I have spent the last 8 days in Delhi, India – an incredibly busy and crowded city, with beautiful people, stunning monuments that are older than the “birthday” Canada is celebrating this year, ridiculous traffic, some green spaces, and much poverty.
I have traveled to many countries, and poverty looks similar everywhere. It breaks my heart. Also familiar is the way people walk over, around and through the poor.

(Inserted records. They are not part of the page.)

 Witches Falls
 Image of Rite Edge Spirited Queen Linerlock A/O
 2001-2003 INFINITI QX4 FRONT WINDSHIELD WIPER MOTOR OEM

And, sadly, I am reminded that every country seems to have a people they point to as “less than” – less deserving of respect, consideration, time, compassion. In Delhi, my experience of this came from the driver of our car who, at every opportunity, told us in no uncertain terms that he considered the Bangladeshi immigrants who come over the border to be the lowest of the low. Assertions he made evenly and calmly, as if they were indisputable facts; as if he had been saying these things his whole life. Maybe he had. And was sharing this with us as if providing a service.
His comments reminded me of how easy it is to vilify a people – with our without personal experience – and to pass this intolerance, disdain, and hatred on to others. How easily we can accept someone else’s belief and even carry it forward without any experience or reason to back it up – often without thinking. Often thinking we are justified in passing along ‘the truth.’
But the truth is subjective.
And as we drove by homes made from weathered plastic tarp, fastened to chain link fences under highway overpasses, children sleeping curled up on concrete blocks as traffic zipped by, I wondered what horrors these people left behind to make this life seem better?